BorderGradient settings Result Description
This is a case that should be avoided! This situation can only arise if the number of colors is manually reduced to less then two. By default, the FontGradientColors-array is initialized with two identical colors, because at least two colors are needed to render the gradient. Therefore, a state where the array contains less then two colors is an error condition. The tooltip components handle this situation gracefully and render the text with the solid color assigned to the FontColor-property.
This is shows a linear gradient background with two colors.
The same settings as above but with a third color inserted. 


If specified at the component-level for a tooltip component (i.e. by defining the FontGradientColors directly for the component), the assigned array of colors will become the default FontGradientColors-array for the tooltips of all controls on the same form.

This default FontGradientColors can be overridden for each control through the Override-property provided to all controls on the same form by the tooltip component (see "The Override-Property").

If the override-value for the FontGradientColors-array as a whole has to be set or changed at runtime for the tooltip of a specific control, code like the following is needed:

'Assign a new the color-array (newColors) to the override-object for Panel1

Me.MultiLine.GetMultiLineToolTip(Panel1).Override _

.FontLayoutOverride.FontGradientColors = newColors

Example 1

This statements define a linear gradient to fill the tooltip text and change the individual colors of the FontGradientColors-property at the component-level: 

'define a linear gradient font for the tooltips provided by the component (MultiLine).

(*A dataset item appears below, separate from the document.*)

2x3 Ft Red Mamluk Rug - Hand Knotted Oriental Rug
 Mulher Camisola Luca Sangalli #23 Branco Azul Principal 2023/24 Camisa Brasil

Me.MultiLine.TextStyle = TextDrawingStyle.LinearGradient

'assign the start-color...

Me.MultiLine.FontGradientColors(0) = Color.Red 

'...and the end-color for the gradient.

Me.MultiLine.FontGradientColors(1) = Color.Blue


Example 2

This code creates a new color-array, initializes it with the desired colors and assigns it to the Override-object:

Dim newColors(2) As Color   'Declare a color array for two colors

newColors(0) = Color.Green  'Assign the first color...

newColors(1) = Color.Yellow '...and the second color to the array.